CNBC Daily Open: The Fed paused, but so did markets

The Fed leaving interest rates unchanged is not a good thing.

CNBC Daily Open: The Fed paused, but so did markets

What you should know today

As expected, the Federal Reserve kept interest rates at their current level. The updated dot plot or Fed members' projected rates for the future, however, suggests two more hikes. Rates will reach 5.6% at the end of the year.

The S&P 500 ended nearly flat. Meanwhile, the Dow Jones Industrial Average dropped 0.68% while the Nasdaq Composite grew 0.4%. Wednesday, European markets were higher. The FTSE 100 gained 0.1%, as the gross domestic product (GDP) in the U.K. increased by 0.2% in April. This reversed a 0.3% decline in March.
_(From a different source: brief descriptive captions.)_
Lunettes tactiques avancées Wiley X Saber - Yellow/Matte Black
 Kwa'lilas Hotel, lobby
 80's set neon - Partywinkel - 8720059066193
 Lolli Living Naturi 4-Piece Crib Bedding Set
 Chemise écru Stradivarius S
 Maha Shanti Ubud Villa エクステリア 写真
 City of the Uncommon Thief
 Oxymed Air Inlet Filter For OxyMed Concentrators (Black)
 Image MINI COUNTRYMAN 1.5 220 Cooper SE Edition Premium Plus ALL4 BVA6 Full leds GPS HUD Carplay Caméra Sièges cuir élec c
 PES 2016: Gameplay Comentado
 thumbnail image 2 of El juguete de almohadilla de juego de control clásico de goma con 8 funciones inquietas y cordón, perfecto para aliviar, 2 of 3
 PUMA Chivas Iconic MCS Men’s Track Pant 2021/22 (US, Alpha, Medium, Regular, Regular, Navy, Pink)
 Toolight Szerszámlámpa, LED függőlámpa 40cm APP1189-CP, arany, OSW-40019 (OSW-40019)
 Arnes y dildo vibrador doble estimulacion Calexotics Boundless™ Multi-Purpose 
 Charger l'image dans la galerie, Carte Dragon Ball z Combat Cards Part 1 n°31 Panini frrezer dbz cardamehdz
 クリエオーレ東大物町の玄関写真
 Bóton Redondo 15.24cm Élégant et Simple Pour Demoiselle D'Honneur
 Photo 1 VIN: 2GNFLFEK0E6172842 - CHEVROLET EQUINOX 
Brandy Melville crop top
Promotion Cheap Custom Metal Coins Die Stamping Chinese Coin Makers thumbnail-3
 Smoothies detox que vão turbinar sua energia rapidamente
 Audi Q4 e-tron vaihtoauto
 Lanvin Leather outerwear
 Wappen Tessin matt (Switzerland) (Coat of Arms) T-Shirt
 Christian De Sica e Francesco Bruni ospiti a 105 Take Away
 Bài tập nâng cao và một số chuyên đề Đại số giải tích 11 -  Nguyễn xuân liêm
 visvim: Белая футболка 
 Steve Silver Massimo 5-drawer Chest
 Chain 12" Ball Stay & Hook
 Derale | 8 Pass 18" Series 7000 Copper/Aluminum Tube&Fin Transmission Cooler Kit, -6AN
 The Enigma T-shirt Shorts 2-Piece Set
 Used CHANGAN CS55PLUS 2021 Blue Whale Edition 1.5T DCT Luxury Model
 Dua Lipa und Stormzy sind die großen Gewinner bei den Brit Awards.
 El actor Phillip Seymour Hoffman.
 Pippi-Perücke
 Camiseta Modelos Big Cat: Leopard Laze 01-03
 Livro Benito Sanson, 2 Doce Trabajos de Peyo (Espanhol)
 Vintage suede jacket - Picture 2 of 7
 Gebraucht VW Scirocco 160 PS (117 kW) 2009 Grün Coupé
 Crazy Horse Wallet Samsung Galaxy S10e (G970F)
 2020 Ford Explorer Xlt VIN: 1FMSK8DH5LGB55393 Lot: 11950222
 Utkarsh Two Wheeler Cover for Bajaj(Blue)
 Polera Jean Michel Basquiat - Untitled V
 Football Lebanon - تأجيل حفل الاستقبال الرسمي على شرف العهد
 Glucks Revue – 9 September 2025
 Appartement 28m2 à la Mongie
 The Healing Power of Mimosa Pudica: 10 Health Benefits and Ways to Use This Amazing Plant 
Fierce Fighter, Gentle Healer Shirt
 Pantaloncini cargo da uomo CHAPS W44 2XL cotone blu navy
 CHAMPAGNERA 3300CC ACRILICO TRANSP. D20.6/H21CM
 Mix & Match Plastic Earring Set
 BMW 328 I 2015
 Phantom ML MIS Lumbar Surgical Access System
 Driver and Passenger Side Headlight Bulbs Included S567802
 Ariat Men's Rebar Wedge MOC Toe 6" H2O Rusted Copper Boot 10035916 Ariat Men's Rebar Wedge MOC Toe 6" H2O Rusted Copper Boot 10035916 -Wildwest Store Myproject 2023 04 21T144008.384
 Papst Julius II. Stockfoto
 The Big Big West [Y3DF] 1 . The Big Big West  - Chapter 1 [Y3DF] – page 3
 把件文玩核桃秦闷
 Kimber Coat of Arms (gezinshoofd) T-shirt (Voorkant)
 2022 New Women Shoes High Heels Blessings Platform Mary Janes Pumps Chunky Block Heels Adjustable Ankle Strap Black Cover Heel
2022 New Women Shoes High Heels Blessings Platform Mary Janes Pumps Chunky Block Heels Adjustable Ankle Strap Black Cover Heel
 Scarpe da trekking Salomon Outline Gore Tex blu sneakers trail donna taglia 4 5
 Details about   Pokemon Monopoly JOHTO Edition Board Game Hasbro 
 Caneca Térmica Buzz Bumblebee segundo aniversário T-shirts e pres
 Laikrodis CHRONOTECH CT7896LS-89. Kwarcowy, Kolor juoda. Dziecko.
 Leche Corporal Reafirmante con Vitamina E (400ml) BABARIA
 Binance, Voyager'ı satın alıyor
Recep Tayyip Erdoan, the Turkish president, said that he would accept the recommendations of his newly appointed Finance Minister on interest rate policy. This could lead to a rise in interest rates to combat Turkey’s high inflation rate of 39.6%, as recorded in May. Erdogan believes that high interest rates are the cause of inflation.

Jean-Noel Barrot told CNBC that France wants Elon Musk to construct a Tesla Gigafactory. Barrot called Musk a "great innovator" -- although he probably does not consider Twitter to be one of Musk’s successes. Barrot had threatened to ban Twitter from the EU last month.

DoubleLine Capital CEO Jeffrey Gundlach said that the Fed will "break something" if they continue to raise rates in this year. Gundlach said that the U.S. is already fragile, and it would be better to slow down rate increases.

Bottom line

The Fed's decision to keep interest rates the same is not a positive.

As many analysts have pointed out, it's a hawkish pause. This means that the Fed could still decide to hike rates later in the year as planned by the central bank. If you want to use a different animal metaphor, the Fed could be compared to a tiger that is stalking its prey. It freezes and pauses before pouncing on it.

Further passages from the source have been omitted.